书名：Python Web Scraping Cookbook
作者名：Michael Heydt
本章字数：122字
更新时间：2025-02-26 12:46:23

How to do it...

Now let's start playing with XPath and CSS selectors. The following selects all <tr> elements with a class equal to "planet":

In [2]: [(v, v.xpath("@name")) for v in tree.cssselect('tr.planet')]
Out[2]:
[(<Element tr at 0x10d3a2278>, ['Mercury']),
 (<Element tr at 0x10c16ed18>, ['Venus']),
 (<Element tr at 0x10e445688>, ['Earth']),
 (<Element tr at 0x10e477228>, ['Mars']),
 (<Element tr at 0x10e477408>, ['Jupiter']),
 (<Element tr at 0x10e477458>, ['Saturn']),
 (<Element tr at 0x10e4774a8>, ['Uranus']),
 (<Element tr at 0x10e4774f8>, ['Neptune']),
 (<Element tr at 0x10e477548>, ['Pluto'])]

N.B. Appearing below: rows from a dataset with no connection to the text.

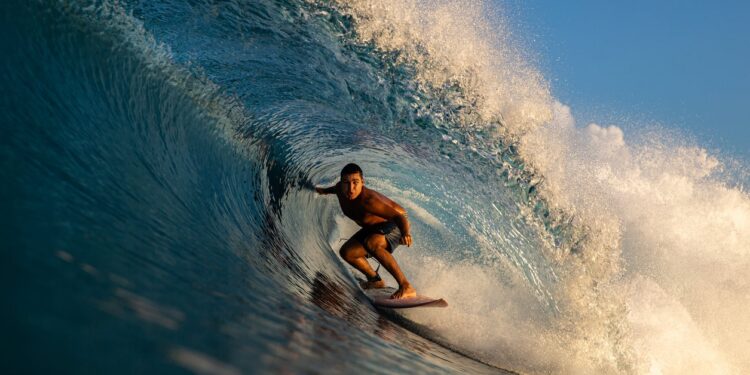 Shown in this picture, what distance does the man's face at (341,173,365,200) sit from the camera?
4840mm

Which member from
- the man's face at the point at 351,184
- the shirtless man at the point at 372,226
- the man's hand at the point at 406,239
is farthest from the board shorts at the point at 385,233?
the man's face at the point at 351,184

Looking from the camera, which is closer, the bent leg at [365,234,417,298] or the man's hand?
the man's hand

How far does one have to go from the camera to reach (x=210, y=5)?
6633mm

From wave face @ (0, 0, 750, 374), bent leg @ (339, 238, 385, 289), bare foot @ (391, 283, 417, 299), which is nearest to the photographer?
wave face @ (0, 0, 750, 374)

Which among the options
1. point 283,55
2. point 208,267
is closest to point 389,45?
point 283,55

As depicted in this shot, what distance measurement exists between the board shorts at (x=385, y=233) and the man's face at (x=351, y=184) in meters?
0.38

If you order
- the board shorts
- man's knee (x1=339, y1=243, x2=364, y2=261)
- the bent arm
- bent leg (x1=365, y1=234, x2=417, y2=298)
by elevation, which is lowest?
man's knee (x1=339, y1=243, x2=364, y2=261)

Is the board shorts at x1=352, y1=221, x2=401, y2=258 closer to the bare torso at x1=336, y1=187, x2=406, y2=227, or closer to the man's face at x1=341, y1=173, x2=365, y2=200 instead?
the bare torso at x1=336, y1=187, x2=406, y2=227

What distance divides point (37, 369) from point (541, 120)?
7322 millimetres

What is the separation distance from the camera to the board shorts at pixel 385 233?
200 inches

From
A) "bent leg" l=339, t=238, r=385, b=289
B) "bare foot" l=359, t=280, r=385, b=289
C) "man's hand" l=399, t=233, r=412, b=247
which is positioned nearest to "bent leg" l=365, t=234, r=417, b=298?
"bent leg" l=339, t=238, r=385, b=289

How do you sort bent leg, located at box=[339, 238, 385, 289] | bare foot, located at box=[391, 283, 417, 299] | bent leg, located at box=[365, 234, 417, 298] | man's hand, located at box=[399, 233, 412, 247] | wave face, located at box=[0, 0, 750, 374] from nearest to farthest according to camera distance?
wave face, located at box=[0, 0, 750, 374]
man's hand, located at box=[399, 233, 412, 247]
bare foot, located at box=[391, 283, 417, 299]
bent leg, located at box=[365, 234, 417, 298]
bent leg, located at box=[339, 238, 385, 289]

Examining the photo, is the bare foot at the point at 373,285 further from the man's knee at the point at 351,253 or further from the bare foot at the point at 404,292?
the bare foot at the point at 404,292

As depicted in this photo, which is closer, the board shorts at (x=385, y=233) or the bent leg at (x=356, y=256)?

Data for the Earth can be found in several ways. The following gets the row based on id:

In [3]: tr = tree.cssselect("tr#planet3")
   ...: tr[0], tr[0].xpath("./td[2]/text()")[0].strip()
   ...:
Out[3]: (<Element tr at 0x10e445688>, 'Earth')

The following uses an attribute with a specific value:

In [4]: tr = tree.cssselect("tr[name='Pluto']")
   ...: tr[0], tr[0].xpath("td[2]/text()")[0].strip()
   ...:
Out[5]: (<Element tr at 0x10e477548>, 'Pluto')

Note that unlike XPath, the @ symbol need not be used to specify an attribute.